## RECORDS FOR THE TASK
-*-
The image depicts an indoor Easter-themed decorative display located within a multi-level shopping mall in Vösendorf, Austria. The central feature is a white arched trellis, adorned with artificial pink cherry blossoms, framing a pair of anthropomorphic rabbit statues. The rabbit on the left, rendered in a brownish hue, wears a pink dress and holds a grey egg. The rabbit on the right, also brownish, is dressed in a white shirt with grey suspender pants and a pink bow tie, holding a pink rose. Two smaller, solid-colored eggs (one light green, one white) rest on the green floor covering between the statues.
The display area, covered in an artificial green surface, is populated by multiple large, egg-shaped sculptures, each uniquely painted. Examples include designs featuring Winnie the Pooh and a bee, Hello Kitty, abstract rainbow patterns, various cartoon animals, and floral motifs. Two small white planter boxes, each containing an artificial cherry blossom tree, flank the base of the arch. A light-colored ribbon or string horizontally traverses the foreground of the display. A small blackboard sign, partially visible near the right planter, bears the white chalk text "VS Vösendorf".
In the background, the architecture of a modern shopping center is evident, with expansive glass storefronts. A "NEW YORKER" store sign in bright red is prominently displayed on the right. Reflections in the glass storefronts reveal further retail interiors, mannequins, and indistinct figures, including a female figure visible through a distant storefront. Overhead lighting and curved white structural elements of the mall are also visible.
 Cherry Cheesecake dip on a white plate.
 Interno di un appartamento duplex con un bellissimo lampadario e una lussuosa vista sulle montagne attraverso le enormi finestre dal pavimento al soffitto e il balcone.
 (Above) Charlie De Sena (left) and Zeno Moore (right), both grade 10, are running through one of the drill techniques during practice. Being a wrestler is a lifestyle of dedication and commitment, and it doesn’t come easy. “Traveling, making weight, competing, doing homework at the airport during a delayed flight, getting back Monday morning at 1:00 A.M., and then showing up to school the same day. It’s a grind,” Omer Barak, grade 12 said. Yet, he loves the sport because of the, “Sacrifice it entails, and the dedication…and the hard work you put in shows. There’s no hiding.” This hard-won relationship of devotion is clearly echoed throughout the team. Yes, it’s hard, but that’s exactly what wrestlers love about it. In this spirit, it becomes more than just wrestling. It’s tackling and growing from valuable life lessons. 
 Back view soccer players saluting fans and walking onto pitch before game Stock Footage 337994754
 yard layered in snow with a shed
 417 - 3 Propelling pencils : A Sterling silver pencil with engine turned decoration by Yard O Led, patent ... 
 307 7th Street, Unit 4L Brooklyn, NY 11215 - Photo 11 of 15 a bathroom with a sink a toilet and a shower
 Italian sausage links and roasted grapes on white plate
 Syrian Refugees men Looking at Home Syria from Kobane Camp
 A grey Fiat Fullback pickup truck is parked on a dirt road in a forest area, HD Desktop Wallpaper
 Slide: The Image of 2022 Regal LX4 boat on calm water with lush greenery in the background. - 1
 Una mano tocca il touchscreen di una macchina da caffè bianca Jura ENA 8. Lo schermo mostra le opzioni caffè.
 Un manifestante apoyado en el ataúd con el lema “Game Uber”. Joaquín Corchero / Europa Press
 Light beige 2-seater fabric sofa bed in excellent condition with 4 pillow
-*-
## WHAT IS NEEDED
Return all lines from the data above with "plate" in them.

## COMPLETED TASK
 Cherry Cheesecake dip on a white plate.
 Italian sausage links and roasted grapes on white plate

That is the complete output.